#### Input data ####
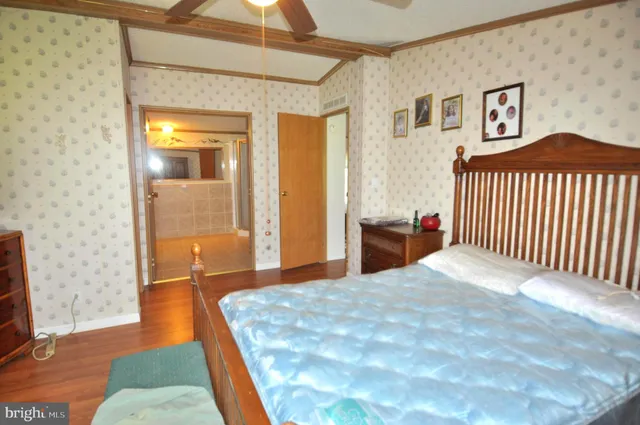 a bedroom with a bed and a rug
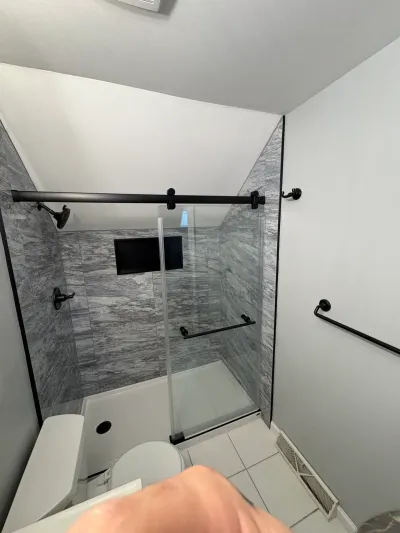 Gray tiled alcove shower with matte black fixtures and sliding glass door under a sloped ceiling.
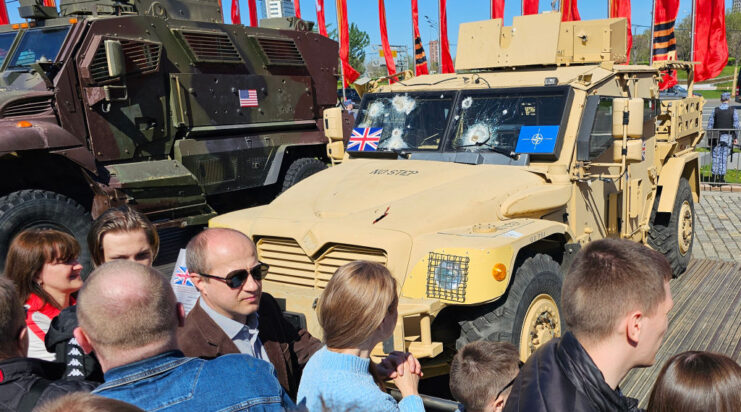 Lines of people walking past military vehicles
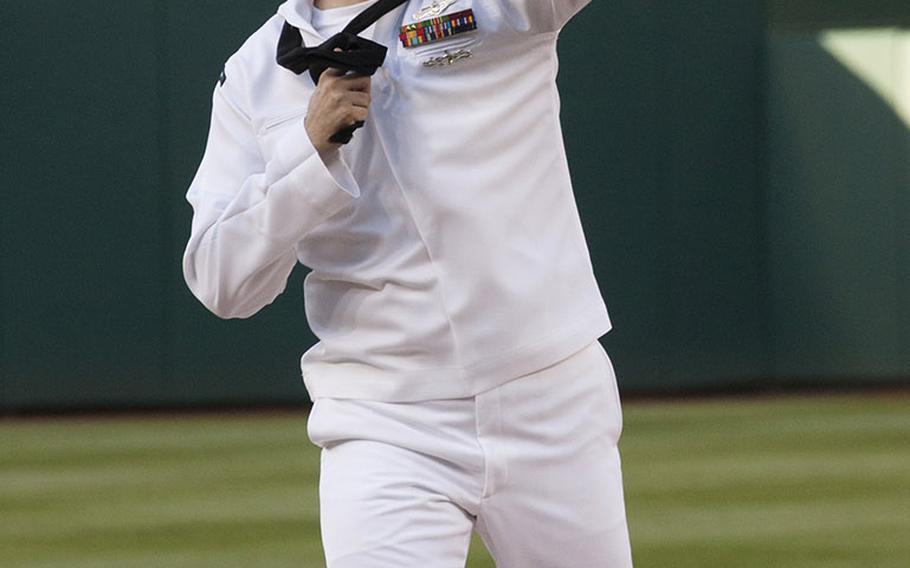 Intelligence Specialist 2nd Class Sean Grimes, Secretary of the Navy sailor of the year, winds up to deliver the ceremonial first pitch on U.S. Navy Day at Nationals Park in Washington, D.C., May 3, 2017.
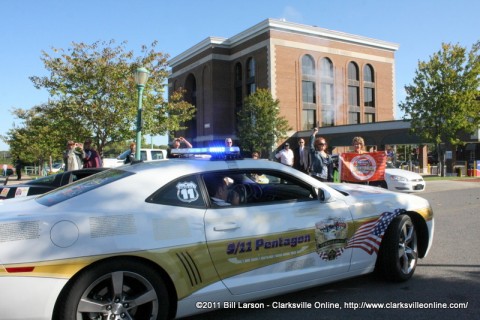 City Council Woman Kaye Jones fires the starting pistol as Clarksville Mayor Kim McMillan waves the flag kicking off the next leg of the 2011 Chevrolet Fireball Run Adventurally 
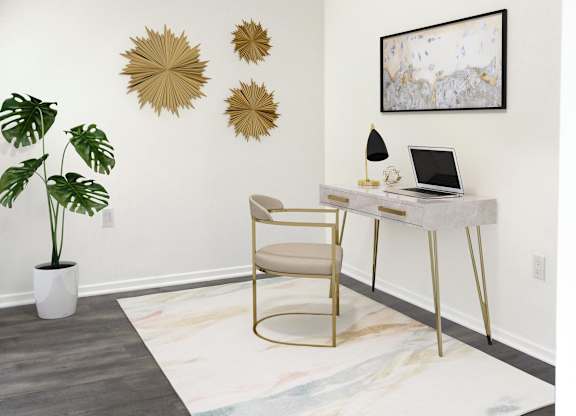 Modern home office with gold accent desk at Torrey Gardens Apartments, San Diego, California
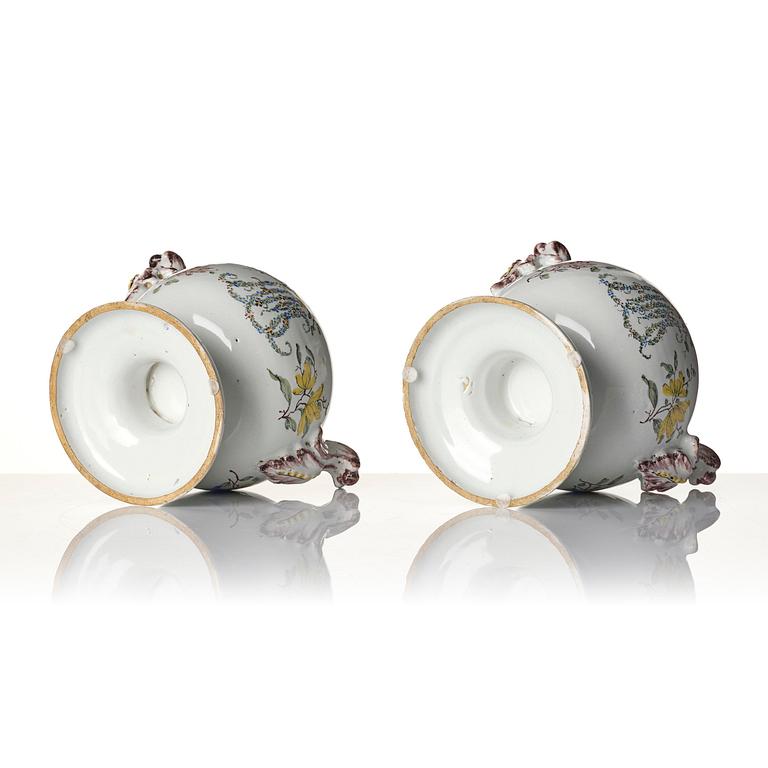 A pair of fainece potpurri jars with covers, Northern Europe, 18th century.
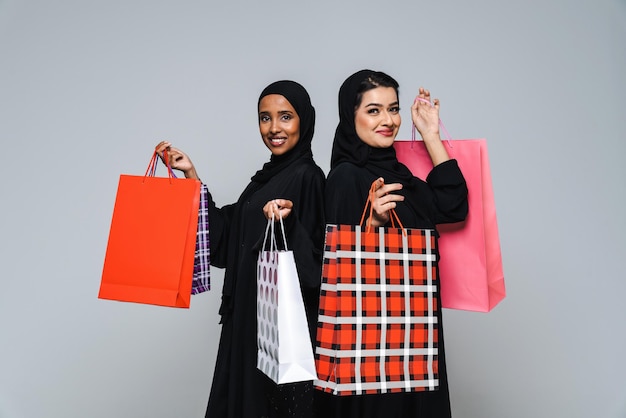 Beautiful arab middleeastern women with traditional abaya in studio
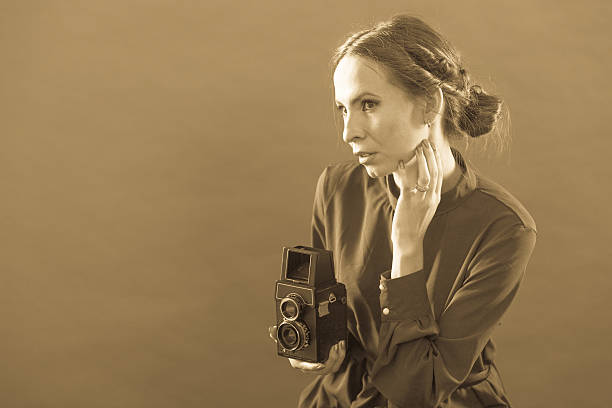 istock Woman taking picture with old camera 488762312
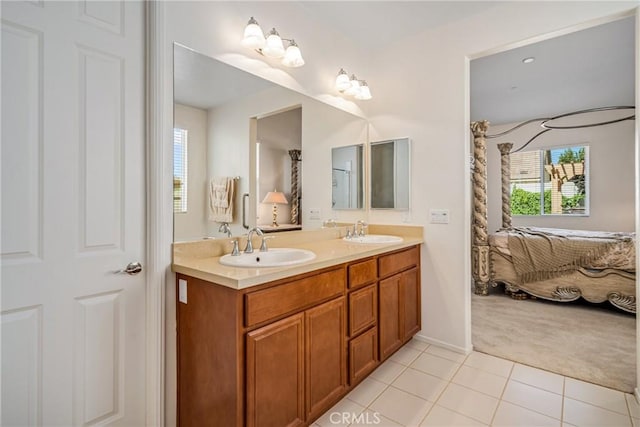 bathroom with tile patterned floors and vanity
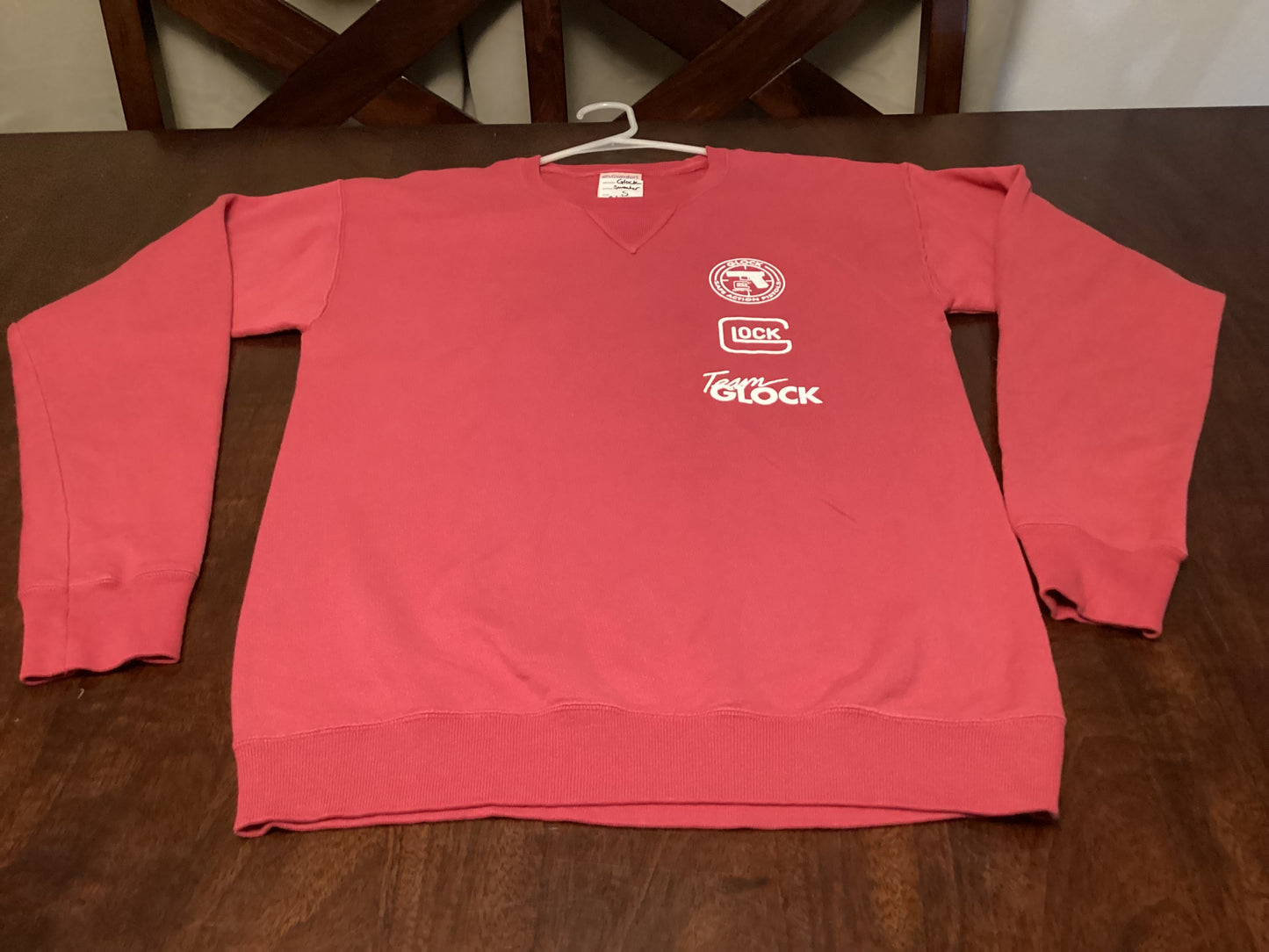 Front view of the bold red Team Glock crewneck sweatshirt, size small, with iconic Safe Action Heat branding, crafted for fans and fashion lovers at ShAesthetics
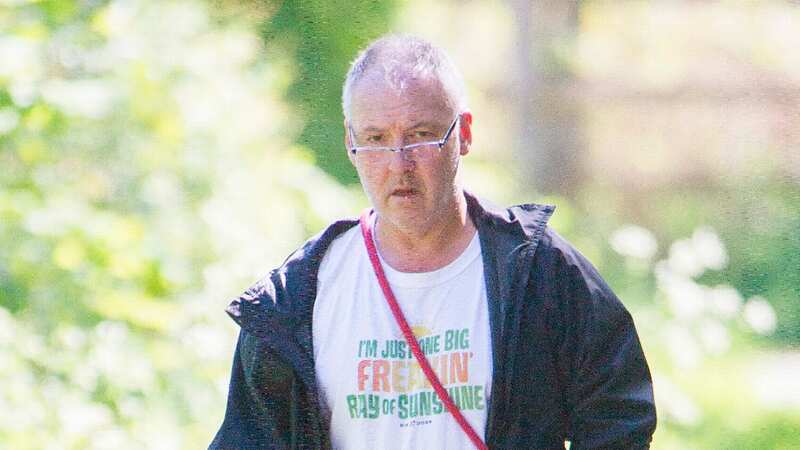 Disgraced cancer surgeon "The Butcher of Birmingham" Ian Patterson out walking his dog (Image: Daily Mirror)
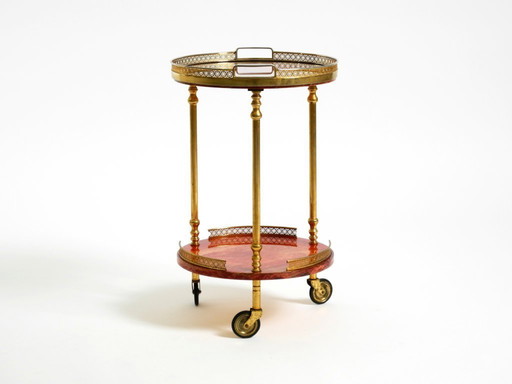 Chariot de service ou de bar rond Aldo Tura des années 1960, petit modèle, en cuir de chèvre rouge | Fabriqué en Italie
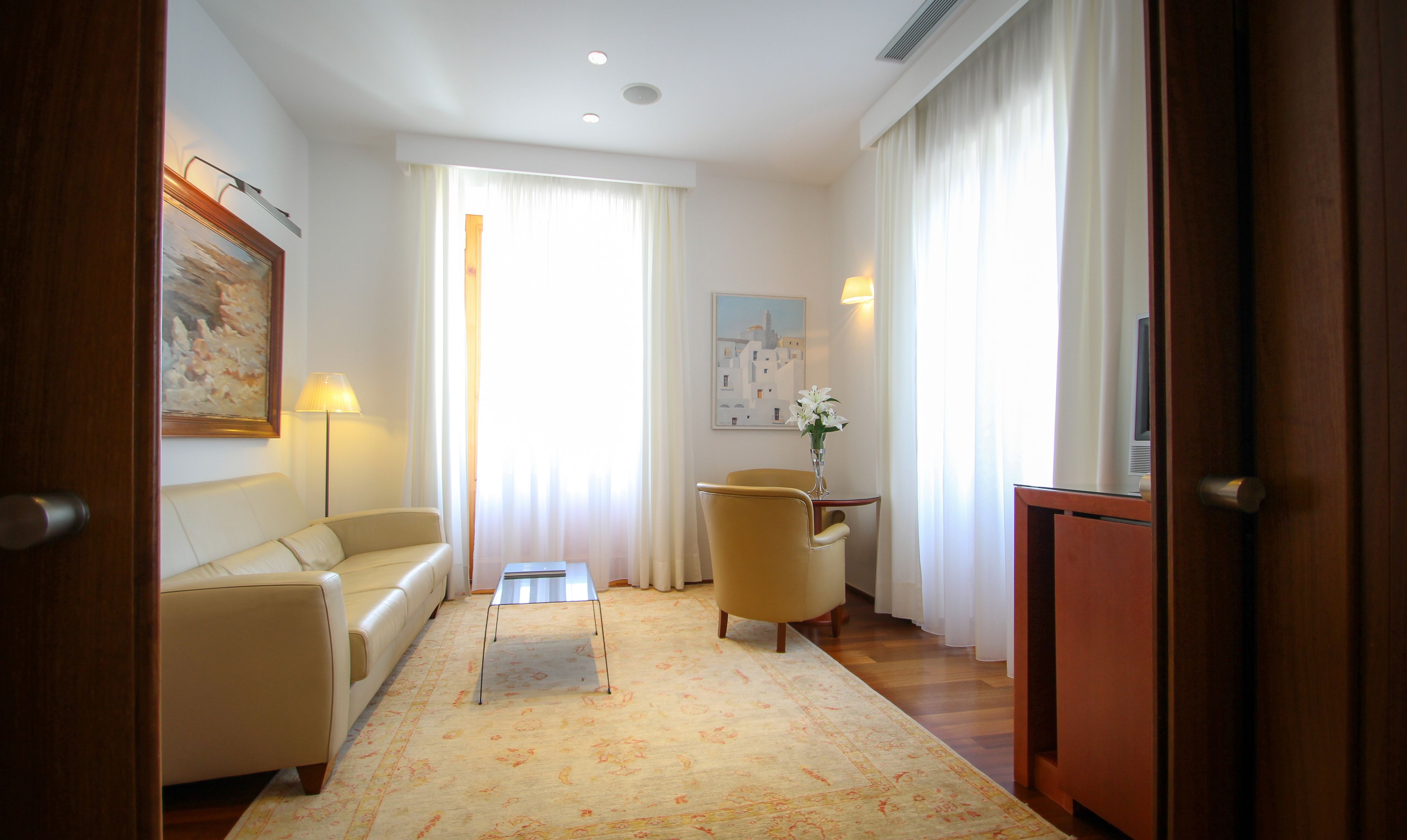 A hotel room with a sofa, a small table, a chair, a cabinet, and a painting on the wall.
####
_What to produce_
Retype the listing above exactly, please. Pictures do not belong in the copy.

_Answer space_
 a bedroom with a bed and a rug
 Gray tiled alcove shower with matte black fixtures and sliding glass door under a sloped ceiling.
 Lines of people walking past military vehicles
 Intelligence Specialist 2nd Class Sean Grimes, Secretary of the Navy sailor of the year, winds up to deliver the ceremonial first pitch on U.S. Navy Day at Nationals Park in Washington, D.C., May 3, 2017.
 City Council Woman Kaye Jones fires the starting pistol as Clarksville Mayor Kim McMillan waves the flag kicking off the next leg of the 2011 Chevrolet Fireball Run Adventurally 
 Modern home office with gold accent desk at Torrey Gardens Apartments, San Diego, California
 A pair of fainece potpurri jars with covers, Northern Europe, 18th century.
 Beautiful arab middleeastern women with traditional abaya in studio
 istock Woman taking picture with old camera 488762312
 bathroom with tile patterned floors and vanity
 Front view of the bold red Team Glock crewneck sweatshirt, size small, with iconic Safe Action Heat branding, crafted for fans and fashion lovers at ShAesthetics
 Disgraced cancer surgeon "The Butcher of Birmingham" Ian Patterson out walking his dog (Image: Daily Mirror)
 Chariot de service ou de bar rond Aldo Tura des années 1960, petit modèle, en cuir de chèvre rouge | Fabriqué en Italie
 A hotel room with a sofa, a small table, a chair, a cabinet, and a painting on the wall.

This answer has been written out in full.